The bill takes the $500,000 that funds the sensors and spends the money on nebulous “conservation practices.” It also removes code language directing the Nutrient Research Center at Iowa State University, which administers the sensor network, from sharing its data with researchers at the University of Iowa.
The sensors are an important tool for measuring whether voluntary conservation efforts under the state’s Nutrient Reduction Strategy are having an effect on curtailing pollutants. What they’ve shown is little progress has been made cleaning up Iowa’s dirty water.
So rather than do anything meaningful to address the problem, lawmakers are shutting down the sensor network. It’s a blatantly obvious attempt to control the water quality narrative in Iowa, replacing real data with political platitudes and propaganda spun by large agricultural interests.
It’s no surprise that state Sen. Dan Zumbach, a Republican farmer from Ryan, led the charge to defund the sensor network.
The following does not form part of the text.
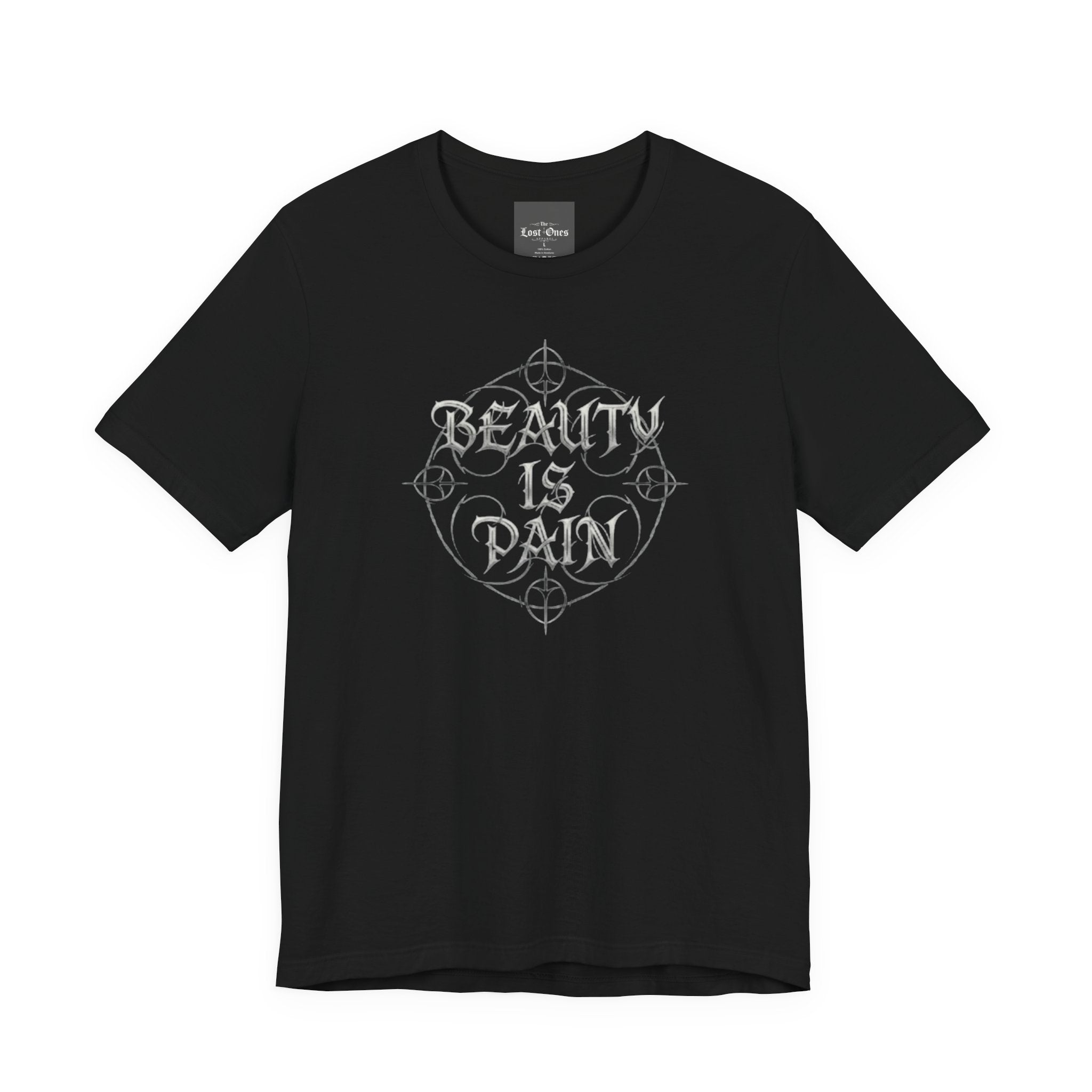Medusa Portrait Tee — "Beauty Is Pain" Gothic Graphic T‑Shirt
Two of the sensors are on Bloody Run Creek in Clayton County, a trout steam designated as one of Iowa’s “Outstanding Waters” by the Department of Natural Resources.
Zumbach’s son-in-law owns a 11,600-head cattle feed lot in the Blood Run Creek watershed, and the senator intervened in the permitting process as the DNR was evaluating the project. Just last week, a Polk County judge who found the process flawed threw out the feedlot’s permit.
So the GOP-majority has voted for a bill that values misinformation, political influence and the desires of special interest groups over real data showing the failures of Iowa’s water quality efforts. Keeping the public in the dark as to whether the conservation projects they pay for are actually working is now a legislative priority.
We urge Gov. Kim Reynolds to use her line-item veto pen to strike these provisions, knowing full well the same ag interests who want this change also solidly back the governor. It’s another frustrating, head-shaking and outrageous action brought to you by the Iowa Legislature.